2015 – 2016 macchine inutili

Si stagliano su uno sfondo anonimo quasi prive di peso, bizzarre, goliardiche e sottilmente inquietanti, come strutture oniriche emerse dal sonno travagliato di un ingegnere pazzo o di un bambino particolarmente ardito…
Con un meticoloso e originale lavoro di dissezioni e incastri, rimandano echi delle avanguardie e degli sperimentalismi affacciatisi, soprattutto a partire da Duchamp, nel Novecento artistico, anche se non condividono l’astrattezza e la freddezza di certa arte concettuale che interpella la sola componente lucida dello spettatore.
Il gioco sinuoso delle loro forme, l’accostamento tra elementi meccanici, tessuti e parti organiche, l’inventiva di questi assemblage spiazzanti e improbabili ne fanno, infatti, un’esperienza emozionale ricca, piacevole anche dal punto di vista estetico e “retinico” del fruitore, che si trova a interrogare queste forme in uno stato quasi di estatica e ingenua sospensione, alla ricerca di un “senso” che va inteso come significato ma anche, vista la presenza costante di ruote e ingranaggi, come senso di marcia, ovvero di funzionamento.
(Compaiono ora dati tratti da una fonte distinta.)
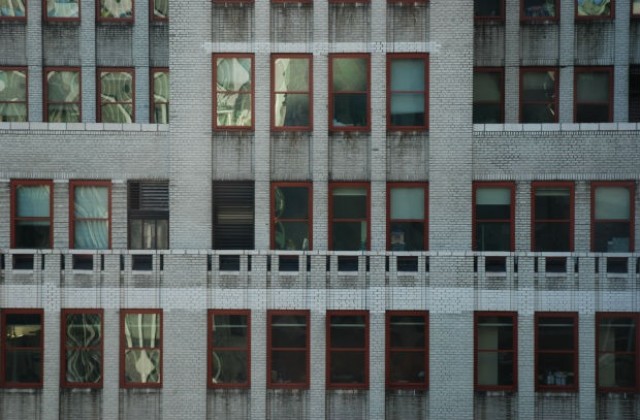 Американската икономика създаде 288 000 нови работни места през април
Il fatto, però, è che questi strampalati congegni, questi apparecchi oscuramente metafisici sono  programmaticamente fin dal loro autonominarsi  delle macchine che… non funzionano!  Un mondo quasi globalmente logorato dalla consuetudine alle logiche del capitalismo, in un’epoca abituata a dare un prezzo agli uomini e un valore solo a ciò che gli uomini producono (e, per contrappasso, consumano), è stimolante  e quasi liberatorio  veder sfilare simili gratuite invenzioni, simili marchingegni sofisticatamente superflui.
Il loro nonsense, la loro inservibilità pratica è tuttavia riscattata, catarticamente, dall’equilibrio compositivo, dalla bilanciata “ripresa con variazione” degli elementi costitutivi, nonché dagli studiati contrappesi di volumi e simmetrie. Come a dire che, in arte, non c’è nulla di inutile se diventa capace di interpellare in modo profondo il nostro essere attraverso un adeguato codice comunicativo. Il loro proporsi, pertanto, come macchine inservibili nella pratica, ma concettualmente utilissime, ci svela la loro autentica natura: più adatta alla speculazione filosofica che a quella finanziaria, all’otium di chi è padrone del proprio tempo piuttosto che al negotium di chi, sottostando alle leggi della produttività, ne risulta schiavo.